My #oklaed partner in crime @vperezy got my dander up the other night with the following tweet:
— Vanessa Perez (@vperezy) February 19, 2017
— Josh Harris 🚀 (@EdTechSpec) February 18, 2017
Oh man…where to start? Let’s talk about us…
I have loved music as long as I can remember. I used to listen to my Dad’s early 80’s country and western vinyl records. My Step-Dad played Harry Chapin on 8-Track. I have no idea how many mix tapes I made in my youth.
Look at music now – Spotify lets you create your own mix. iTunes lets you buy anything in their catalog. Pandora will create a playlist based on what you like. Gone are the days of the 8-track, the cassette tape, and compact disc audio. Sure those things are still around, but ask any 7th grader you see what these items are. I’ll bet most have never heard of any of them.
Remember when call waiting was first introduced? Or when there were only three channels to choose from on television AND you had to manually change the channel…on the TV? What about those IOWA tests we used to bubble in every year…wait….we still do that…
Now Entering the Digital World
The thing is this technology is always changing. Always. I would probably be considered a digital immigrant. I did not grow up with a computer in my house. The first family computer showed up my senior year of high school (1990-91). We had no idea what to do with it. It was “off limits” unless Dad was right there watching.

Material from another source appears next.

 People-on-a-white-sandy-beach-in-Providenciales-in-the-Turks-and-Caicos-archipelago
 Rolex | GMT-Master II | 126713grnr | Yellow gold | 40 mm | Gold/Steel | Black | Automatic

I used Word Perfect for the first time on that computer for a writing assignment in my Calculus class. We had to do a paper over a mathematician – there was this feature called “justification” and I chose “full.” My teacher took off points because the dot-matrix printer left large spaces between the words so that each line was justified on the left and the right. Talk about first world problems…
Fast forward to now. I Tweet. I Blog. I Snap. I Research. I Insta. I FB. I even Tumblr and Podcast. The thing is, all of these things came out after I graduated from college the first time and several came after I earned my master’s degree. Nobody told me how to use these things, much less teach with them. Or use them to learn.

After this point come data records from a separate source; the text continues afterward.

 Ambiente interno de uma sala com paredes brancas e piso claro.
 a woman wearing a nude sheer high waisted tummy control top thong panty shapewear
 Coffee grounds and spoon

However, I found some peeps who were doing these crazy things. I asked questions, read blogs, tried doing some cool stuff. Made some mistakes. Got wiser…
The thing is, for me, all of this digital immigrant business has been a really fun journey. I have had the opportunity to meet people I would never have been able to meet in real life. I have learned more than I ever thought I could. And, these relationships and learning have led me toward a Ph.D. in Educational Technology (on track to graduate in December).
We all come from somewhere – we all immigrant from someplace. I joined up with the digital people. They tend to be fun, helpful, and full of hope and excitement. And I like that.
My own children are digital natives – they have never known a day without Netflix or wifi. In fact, when the wifi goes down in our house, it is a huge problem. But it is what my kids know. They have no idea what an 8-track is or how to use one. We do have some audio CD’s around the house – but they all have an iPod Shuffle. They are growing up with all of this really, really cool stuff. Stuff that connects them to the world in ways that are scary and terrifying, yet so full of wonder and knowledge.
Here is the difference, though, just because they are digital natives doesn’t mean they know how to use any of this technology properly. Teenagers Snap things that I wouldn’t be caught dead doing. Look at the number of followers that any of the Kardashians have. You think these “natives” are using this stuff the right way?
On the other hand, these natives are whiz bangers at using all of the cool apps. They know exactly how to troubleshoot problems that come up. They think up ways to be creative. They have intricate online networks. They can tell you when the next movie of your favorite series is coming out, who is directing it, and can probably find the script for you.
Now, let’s harness this amazing brilliance in a way that can benefit them for the rest of their lives. We need to move past the latest Britney Spears wardrobe malfunction and connect with some astronauts. Let’s teach them how to swipe past Justin Bieber and look for the author that you will be studying next. Model for these natives an inquisitive nature, then turn them loose to root out fake news.
Be a Model for the Digital Natives
The point here is this, yes they may be digital natives, but oh my gosh, they still need us to help them. You see, we have experiences and wisdom. We have made some mistakes and learned from them.
With social media being so prevalent right now, mistakes can magnify at a rate we never had to experience. Let us help our students to understand what they can do, what impact they can have, and push them in a direction that allows their brilliance to shine.
It’s okay to admit that you are unsure about the technology that our students are using. It’s okay to admit to your students that you don’t know how to use something. Let them show you – let them help you – let them use their skills.
Going back to the top of the post and the tweets – I can drive a car, but at this time I could not manage a NASCAR race. However, with proper training, anything could happen.